One of his more infamous pieces is "Bloodhammer," a giant Styrofoam hammer with the guts of a SuperSoaker inside. Pump it and it sprays … water, not blood. He created it as a prop for one of his other side projects: performing onstage with his brother, Jacob, a musician. Jesse plays the evil Dr. Bloodhammer, who, wearing a Styrofoam skull mask, menaces the audience until he is allowed to sing one of his own songs—about fluffy kittens.

No matter how weird or quirky his work gets, serious people have taken notice. St. Jude Hospital asked Smigel to create a Styrofoam piece for the patients to paint and auction at a fundraiser. The work turned out so well, one of its representatives decided she'd rather have it put on display in the corporate home office. Smigel also receives commissions to create work for everything from art galleries to children's bedroom decorations (a dinosaur headboard, for example).

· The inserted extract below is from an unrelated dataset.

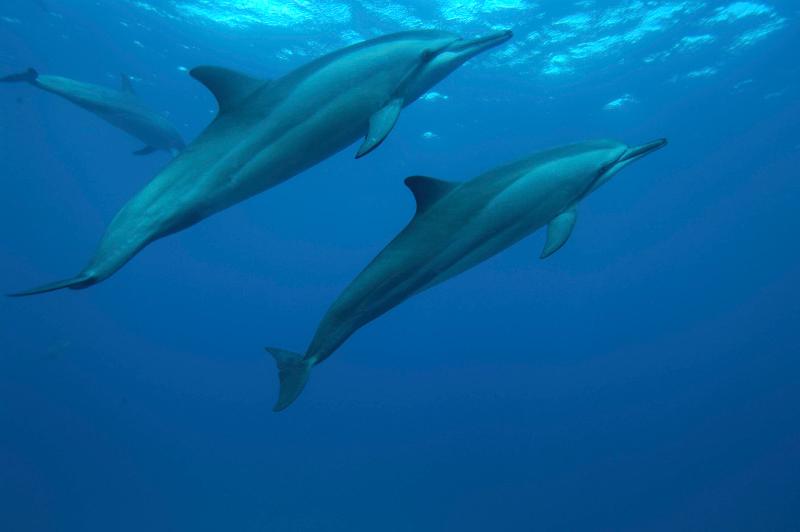 ホテル Pousada Do Bita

At the heart of many of his pieces is contradiction. Smigel loves to entice and confuse simultaneously. Take the "Cat-Cactus": It combines one thing that ordinarily discourages touching with another that invites stroking. Or Grub-Baby—you don't see it in the video, but the bug's lower half sprouts infant human legs. Another mismatch is Smigel's popcorn bucket, "Push for More Butter." When you push the red button for more butter, it releases a spray of coffee stink. The scent was chosen for shock value—by releasing the strong, bold scent of coffee when the nose is ready to inhale "delicious, buttery popcorn," Smigel explains, a sensory assault is inflicted.

Smigel himself is a contradiction. An artist whose inventions range from the extremely strange to PG enough for a children's hospital. His greatest creation may just be himself.

* Shameless plug: The Sarah McLachlan look-alike actually is Weekly art critic Danielle Kelly.